ON POURRAIT APPELER CELA, EN TOUT BIEN TOUT HONNEUR, LE SYNDROME HARRY ROSELMACK,

ou comment la bogossitude permet d’avoir bonne conscience auprès de la ménagère de moins de 50 ans. Patrick Poivre d’Arvor peut bien pleurnicher sur les plus belles heures de Léon Zitrone, désormais, pour être présentateur au journal télé, mieux vaut avoir une belle gueule, des abdos en tablette de chocolat (car désormais les paparazzi vous shootent sur la plage avec votre compagne, si possible du show-biz), et pour les dames un joli minois (en option tout le reste comme il faut en-dessous du décolleté). Bref, de la prestance, comme on dit pudiquement dans les conférences de rédaction. Des critères d’autant plus incontournables quand on est noir ou d’une minorité visible, comme on dit honteusement dans les palais de la République (ou Rama Yade et Rachida Dati passaient si bien auprès des députés UMP le temps d’un clin d’œil postcolonial à la Michel Sardou). Il ne s’agit pas de juger les qualités journalistiques des personnes concernées, mais on ne peut pas nier que leur vie privée intéresse autant que leur travail devant la caméra (arrêtons l’hypocrisie, qui veut savoir avec qui sort Arlette Chabot?). Claire Chazal avait ouvert la voie ou plutôt baissé la garde éthique. Les hommes restèrent un temps un peu épargnés. L’égalité se joua ici à rebours. Sur les chaînes d’info, BFM détonne un peu (faute de moyens?), ou les grands réseaux hertziens se sont lancés dans l’élevage sous serre TNT de leurs jeunes pousses prometteuses, le concours de beauté est permanent, une sorte de Miss TV et de Mister Audimat. Le pire, c’est qu’en plus, on segmente. Les beautés «exotiques» pour le politiquement correct sur M6, et Erika Moulet sur LCI en icône pop gothique (enfin raisonnable, celle dont la principale valeur ajoutée tient dans sa frange), pour rassurer la province bourgeoise dont les filles écoutent Tokyo Hotel. L’équipe de France de foot doit ressembler au pays, par contre le petit monde de l’info télévisuel préfère coller à celui de la mode et de la hype (pas franchement toujours une réussite). Dur dans ces conditions pour des personnalités pourtant talentueuses comme Aline (un des piliers de Radio Nova) de percer au-delà du rôle de chroniqueuse occasionnelle comme dans «Questions de générations» sur France 4. La diversité a ses limites : le machisme et le corporatisme.

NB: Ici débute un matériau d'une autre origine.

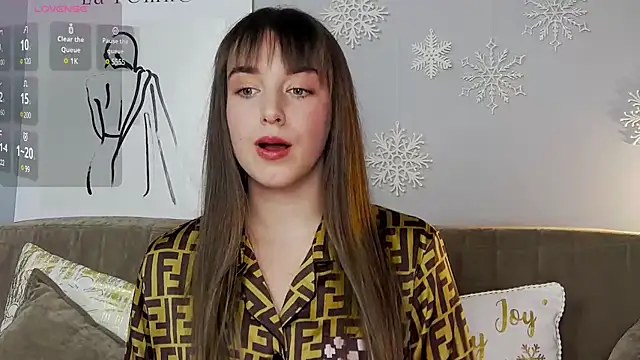 Snapshot of Sofia_Hugs chatting on January 25, 5:19 pm Sofia Hugs online show from January 25, 5:19 pm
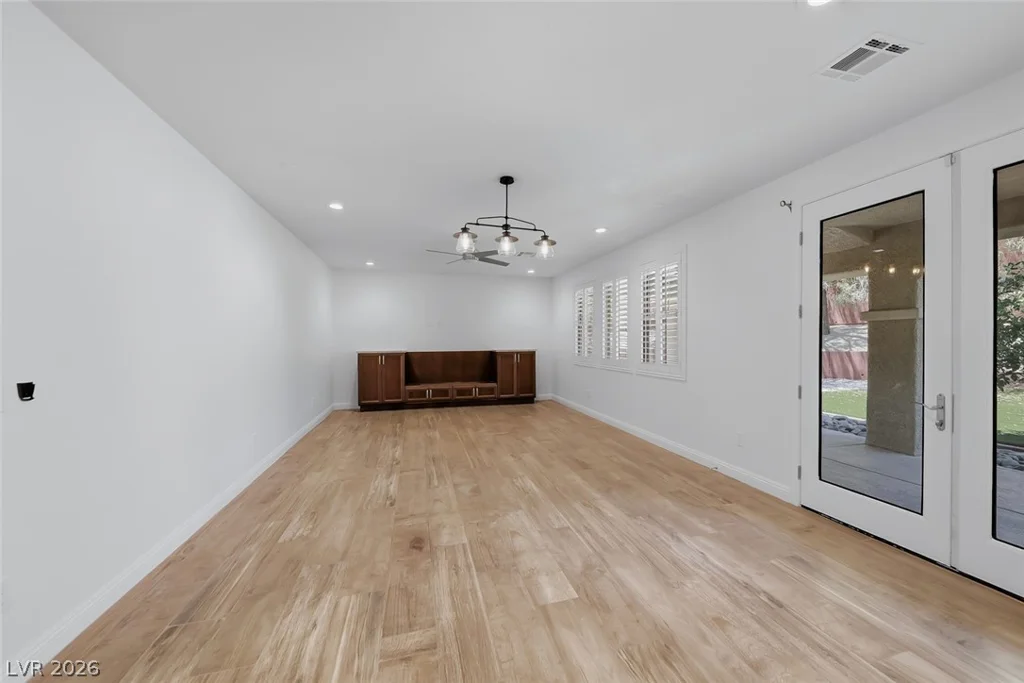 5301 Fairbranch, Las Vegas, NV 89135
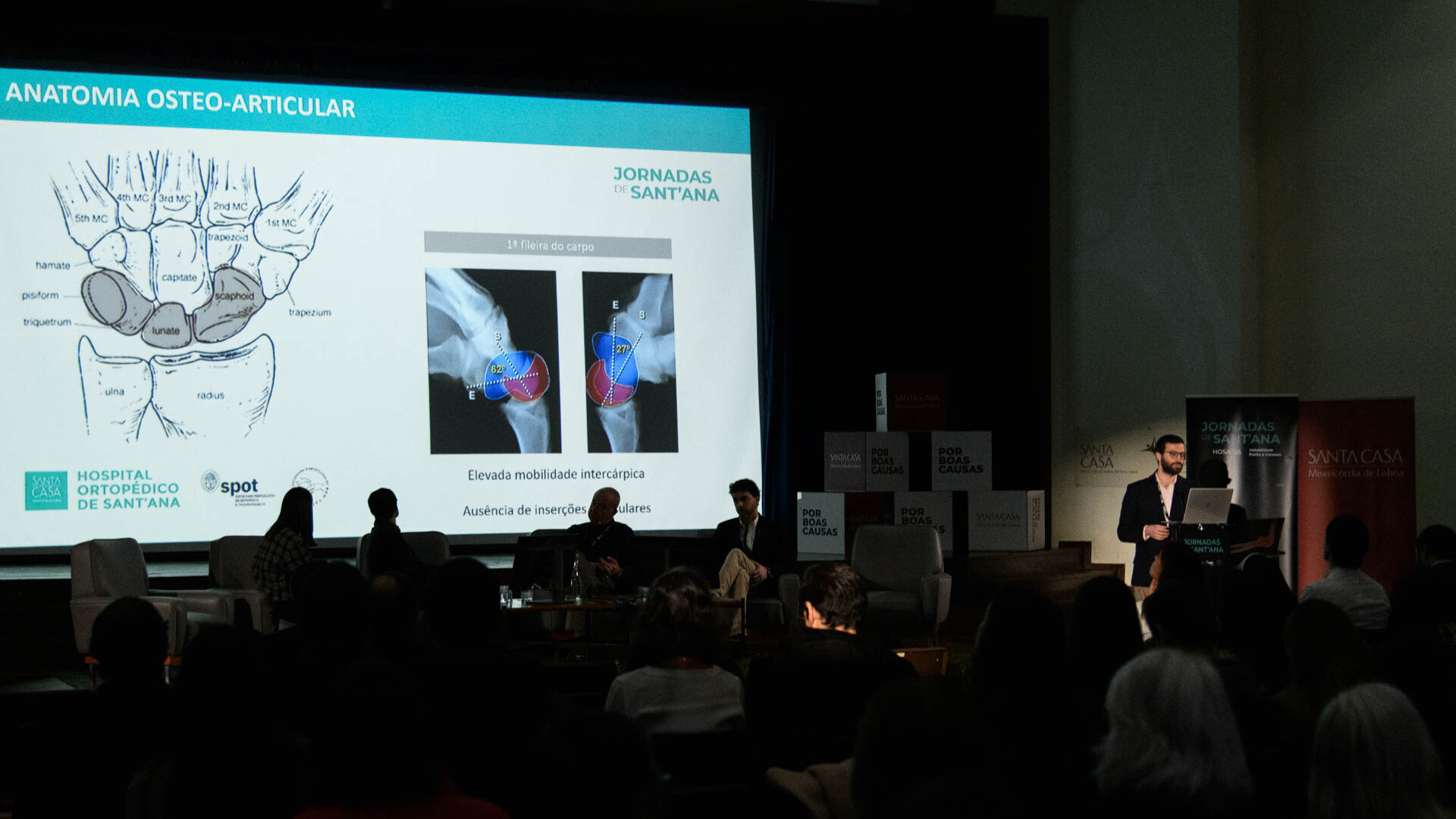 ecrã com apresentação no palco das Jornadas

Résultat, les «formats» atypiques se sont réfugiés dans le divertissement, autrefois royaume de la lissitude physique et du bimboland (résistent cependant des petits hameaux misogynes à l’instar de «La Roue de la fortune» et son culte de la blonde à forte poitrine). Le succès et la popularité de la souvent agaçante Valérie Damidot n’est peut-être pas tout à fait étranger à ce front renversé de la représentation sociale, ou weight watchers s’est substitué à big brother. La beauté n’est que dans l’œil de ses admirateurs, comme disent tous les directeurs de casting qui savent admirer. M.